Lake in Lombardy, Italy

Lago d'Arno is a lake in the Province of Brescia, Lombardy, Italy. In 1911 it was dammed, which increased its maximum capacity in order to obtain a reserve for the hydroelectric industry.

It lies in a glacial basin southeast of the Saviore Valley and is approximately 2,400 meters long, 430 meters wide, and has an elongated "S" shape. With a maximum surface area of 86.2 hectares, it is the largest lake in the Camonica Valley. The lake is fed by the Ghilarda stream, which is why the Arno Valley, one of the three valleys of the Saviore Valley (the other two are the Salarno and Adamé valleys), is also known as the Ghilarda Valley. Its waters, harnessed by a dam, are used to generate hydroelectric power and power the San Fiorano power plant, thanks to a difference in elevation of approximately 1,300 meters (4265.092 ft).
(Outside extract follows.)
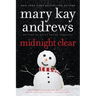 Midnight Clear: A Callahan Garrity Mystery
The lake can only be reached on foot, as the cable car serving the dam has been dismantled. The most direct route begins in Isola (a hamlet of Cevo) with CAI trail number 88 leads steeply to the dam in about 2 hours and 30 minutes. Another route, called the "Three Brothers" (trail number 22) because it crosses three rocky valleys, begins in Paspardo and reaches the dam by cutting across the northern slopes of Mount Colombé, in about 3 hours and 15 minutes. A third route is from Valle di Saviore. Starting from Rasega, take trail number 20; the hike also takes about 3 hours and 15 minutes.